No documento ISABELLE KAROLLINE CHAVES DE OLIVEIRA (páginas 109-114)

3- AS PROPOSTAS PEDAGÓGICAS DOS DIRETORES E INSPETORES DA

3.3 O instituto para anormais

O documento de 1911 apresenta uma nova preocupação dos inspetores e da diretoria geral da instrução pública: a educação dos alunos “anormais” que, conforme assinalado, já vinha sendo pauta dos “países adiantados”.

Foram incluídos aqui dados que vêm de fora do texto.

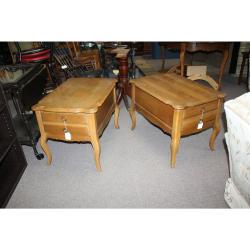 Pair of matching wooden end stands by Bassett furniture 21 x 30 x 22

O movimento em relação à educação do anormal é citado como um ato de solidariedade, uma ação que auxiliaria no avanço do país, pois todos os cidadãos deveriam ter o direito à instrução para que pudessem ingressar no mercado de trabalho.

Com effeito, si todas as crianças, qualquer que seja a sua condição social precisam da instrucção, como instrumento indispensável de trabalho e aperfeiçoamento moral, com muito mais razão aquellas, que, por um defeito congênito ou por um desenvolvimento desigual do seu organismo, se tornaram incapazes para a acquisição dos meios de que precisam para lucta pela vida e para o desempenho do seu papel na sociedade em que vivem. (ANNUARIOS,1911, p.26)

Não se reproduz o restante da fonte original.